Erstens: An Daten präsentiert Vorländer im Wesentlichen nur seine eigene Umfrage von 2014/15 und bettet sie in demoskopische Daten vor allem aus den Leipziger Mitte-Studien sowie aus Heitmeyers Arbeiten über „Deutsche Zustände“ ein. Falls also „konzis“ heißen soll „nicht auf dem neuesten Forschungsstand“, trifft dieses Wort in der Tat auf jenes Buch zu.
Zweitens: Vorländer et al. verwenden auf die Gegendemonstranten gut zwei Seiten (in Patzelt/Klose sind das allein im Kapitel 6 vier Seiten mit Zusammenfassungen aus der Literatur, weitere sechs Seiten mit Aussagen von Pegidianern über ihre Gegner); auf die Analyse der PEGIDA-Reden dreieinhalb Seiten (davon eine halbe Seite für ein Bild von Bachmann; in Patzelt/Klose ist den Reden ein ganzes Kapitel gewidmet); auf die Analyse der Programmschriften von PEGIDA – bei Patzelt/Klose ebenfalls ein ganzes Kapitel – nicht mehr als zweieinhalb Seiten; auf die Erklärung von PEGIDA (ebenfalls ein ganzes Kapitel bei Patzelt/Klose) auch nur vier Seiten.

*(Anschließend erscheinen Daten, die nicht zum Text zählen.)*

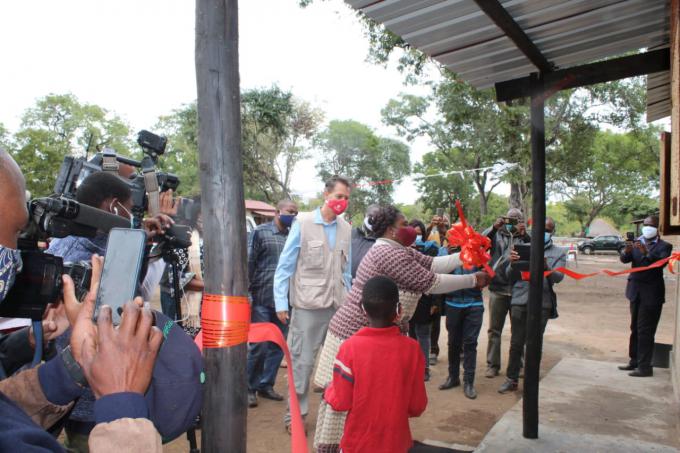 The governor of Manica, next to the SCIMOZ's Country Director, cuts the ribbon and visits the first of the 100 houses in Dombe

Wenn man mit dem Wort „konzis“ also „Lückenhaftigkeit“ bezeichnen will, dann nenne man das Buch von Vorländer et al. gerne „konzis“.

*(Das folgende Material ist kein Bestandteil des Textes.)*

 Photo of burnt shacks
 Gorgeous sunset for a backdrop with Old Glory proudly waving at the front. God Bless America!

[32] Mit den „tieferen ökonomischen und politischen Ursachen“ PEGIDAs befasst sich das Buch von Geiges, Marg und Walter nur im Kapitel 8 auf S. 179-202. Ich kann nicht erkennen, dass die dortige Analyse tiefgründiger wäre als unsere auf S. 481-531 und 535-583. Da möge am besten ein Dritter gründlich drübersehen und dann von seinem Urteil berichten.
Geschafft; und möge dies der letzte längere Text sein, den ich über PEGIDA und meine oder andere Arbeiten über PEGIDA zu schreiben hatte … !!